• [Work task]
Reproduce word for word, from the entries below, the line with "Kingston DTSE9G3/128GB 128GB", the line with "Klocki - Lego", and every line between them, and nothing more.

• [Data for this exercise]
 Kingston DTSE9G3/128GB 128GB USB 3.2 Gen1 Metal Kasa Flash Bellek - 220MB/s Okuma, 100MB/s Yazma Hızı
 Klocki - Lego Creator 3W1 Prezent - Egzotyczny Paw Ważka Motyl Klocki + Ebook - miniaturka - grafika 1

--

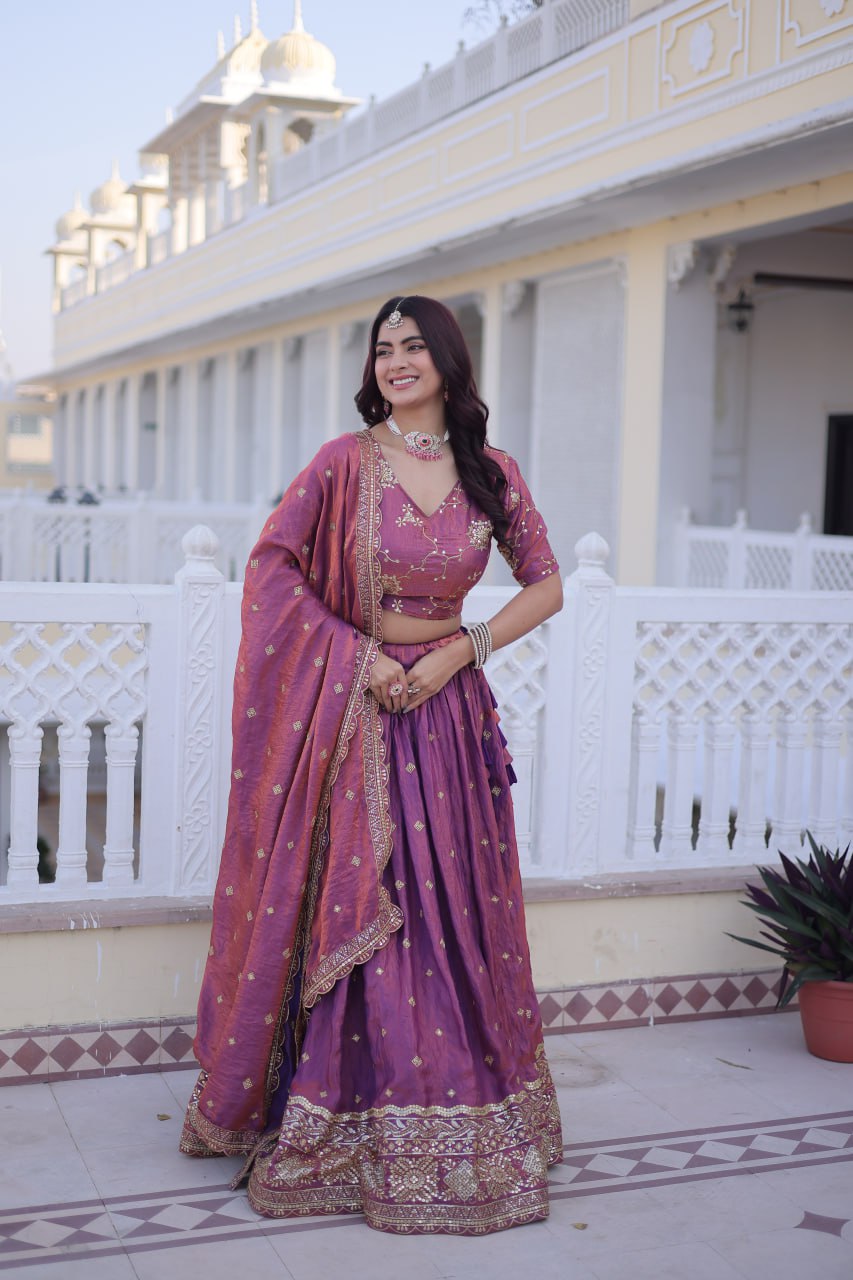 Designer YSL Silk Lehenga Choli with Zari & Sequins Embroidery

==

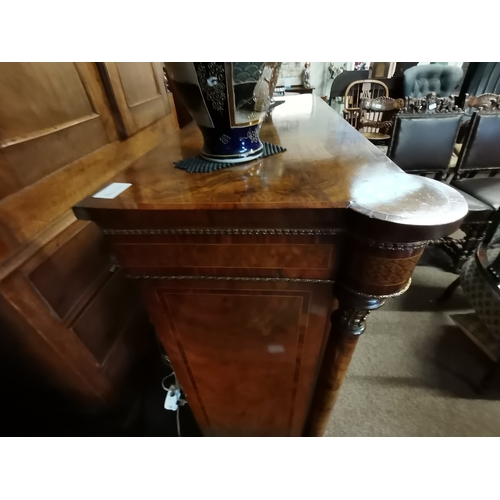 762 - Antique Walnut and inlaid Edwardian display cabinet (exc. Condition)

• [Finished exercise]
 Kingston DTSE9G3/128GB 128GB USB 3.2 Gen1 Metal Kasa Flash Bellek - 220MB/s Okuma, 100MB/s Yazma Hızı
 Klocki - Lego Creator 3W1 Prezent - Egzotyczny Paw Ważka Motyl Klocki + Ebook - miniaturka - grafika 1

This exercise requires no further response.